While hunting “Black Death” in Africa, your mind is racing with everything that can go wrong. The cape buffalo was starting his stalk on the hunters at 30 yards.
Three days before, a father and son team decided a cape buff would be a challenge of a lifetime, so the hunt was on. Word came of an old bull running with a cow buffalo in the Limpopo providence and had been spotted. They knew the pair because the cow buff was even more dangerous than the bull for charging people for no reason.
The first week in April, Africa had record amounts of rain to let the African bush explode with foliage and turn green to close in any view to a few yards at a time.
Cobus Van Vuurn had great concern for his clients, so they practiced every scenario possible to take that buff down as soon as possible.
The dad would take the top of the shooting sticks while the son would kneel and use one leg of the sticks to sturdy his shot. It is critical the first shot counts and you don’t stop throwing lead until he is down.
The first day was fruitless from driving and scouting for miles looking for this pair’s tracks. The word came the next morning that a tracker followed the pair of buffs up into the hill country for miles and was back to an extremely thick section of bush to take a break from grazing and the hot African sun.
As Tajaart yelled “Get your guns” and he grabbed the shooting sticks, Zack was loading his rifle. We had two professional hunters to back us up because of the crazy cow’s reputation. As Cobus said, everything will come down in a matter of minutes or seconds.
The shooting sticks stood less than 30 yards from the huge animals with the dad setting his rifle in the sticks; son couldn’t set up from the thick brush as the bull slowly stood and started his stalk on the intruders.
At 22 yards, the bull had his head down starting his charge when he felt the bullet from the .375-caliber rifle enter the center of his chest to drop him to his knees. In split seconds, he stood to retreat, going about 50 yards to go down with brush around him. The PHs with father and son approached with the most danger in their lives 20 feet in front of them. The son automatically fired his weapon to keep the bull down forever.
They all stood guard for eternity waiting for the crazy cow’s return to avenge her mate’s death bellow.
The team effort produced a 36-inch Cape Buffalo bull that weighed more than 2,000 pounds with a major trophy on his head.
Kudu, the gray ghost of Africa is one of the most elusive animals in Africa, blending into the African bush so well the best trackers will overlook them. A Kudu bull was on the list of a young man’s dream while he was scouting for miles and days.

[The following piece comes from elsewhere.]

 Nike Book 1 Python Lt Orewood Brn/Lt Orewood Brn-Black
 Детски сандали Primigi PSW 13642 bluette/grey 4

After spotting several cows in groups, a lone bull — keeping to himself in thick bush — was spotted and the stalk was on. The PH and young hunter stalked up within 50 yards and when the perfect shot was placed, he stood for a few seconds to go straight down, not taking another step.
The horns will measure up to 50 inches long. The young man glowed with pride. During this eight-day hunt the son took a trophy kudu and dad took a blessbuck, gemsbuck and waterbuck.
Words can’t describe the pride a father has for his son at a time like this. Seth Bayless, I’m proud you’re my boy!